- WORK ORDER
Within the entries below, please return exactly the lines from the one with "Pit Viper’s Rob" through the one with "A Research Agenda", leaving out any pictures.

- THE DATA
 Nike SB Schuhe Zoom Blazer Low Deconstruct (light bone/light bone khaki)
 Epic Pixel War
...
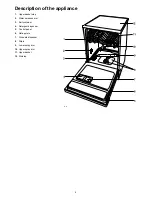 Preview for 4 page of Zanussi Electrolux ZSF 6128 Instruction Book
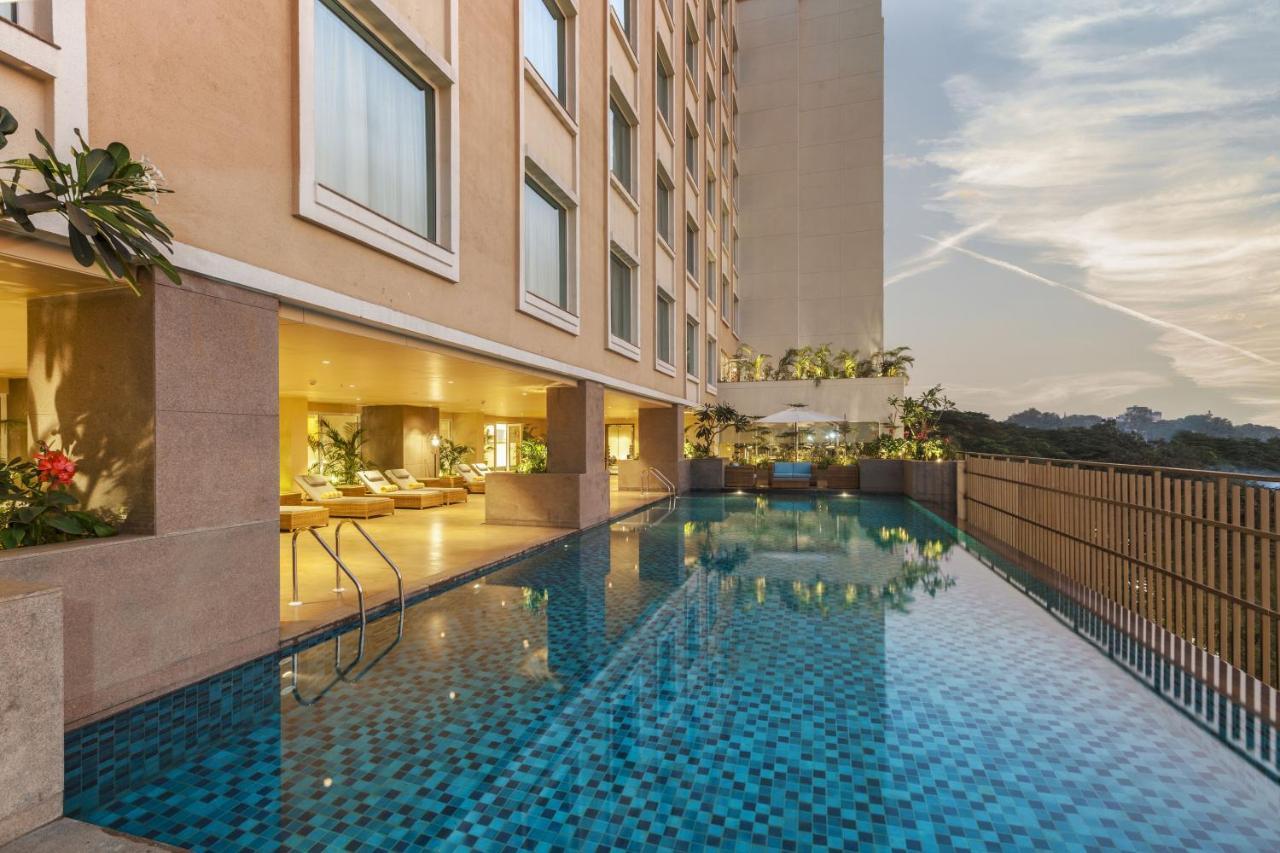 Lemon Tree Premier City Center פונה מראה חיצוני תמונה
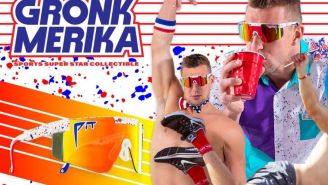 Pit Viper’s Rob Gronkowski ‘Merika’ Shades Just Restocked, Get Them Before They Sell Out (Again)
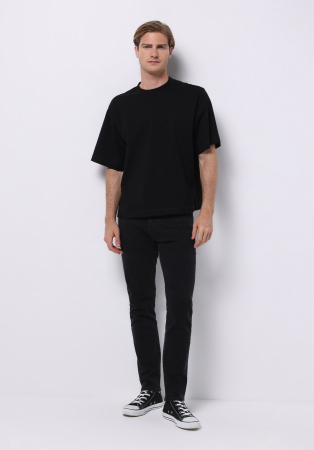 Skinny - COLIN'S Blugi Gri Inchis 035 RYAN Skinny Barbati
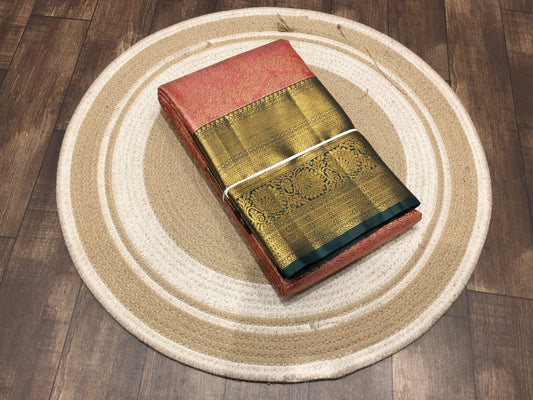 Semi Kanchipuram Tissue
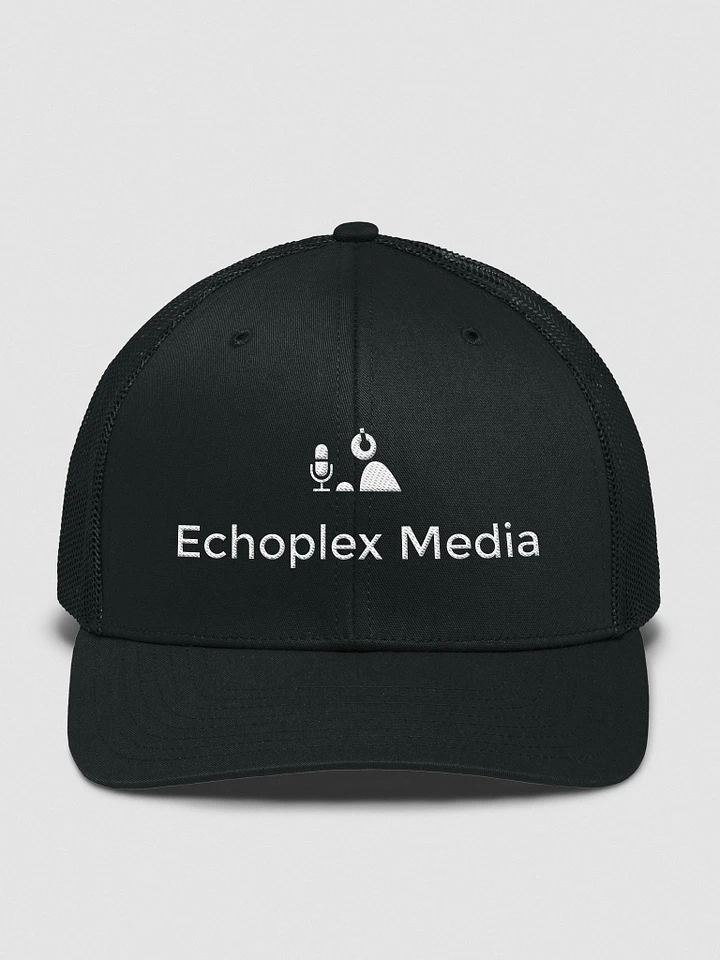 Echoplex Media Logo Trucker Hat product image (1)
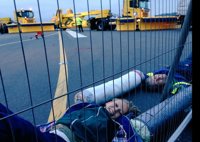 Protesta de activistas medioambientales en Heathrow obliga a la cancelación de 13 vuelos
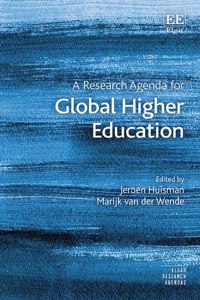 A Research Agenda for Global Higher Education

- RESPONSE AREA
 Pit Viper’s Rob Gronkowski ‘Merika’ Shades Just Restocked, Get Them Before They Sell Out (Again)
 Skinny - COLIN'S Blugi Gri Inchis 035 RYAN Skinny Barbati
 Semi Kanchipuram Tissue
 Echoplex Media Logo Trucker Hat product image (1)
 Protesta de activistas medioambientales en Heathrow obliga a la cancelación de 13 vuelos
 A Research Agenda for Global Higher Education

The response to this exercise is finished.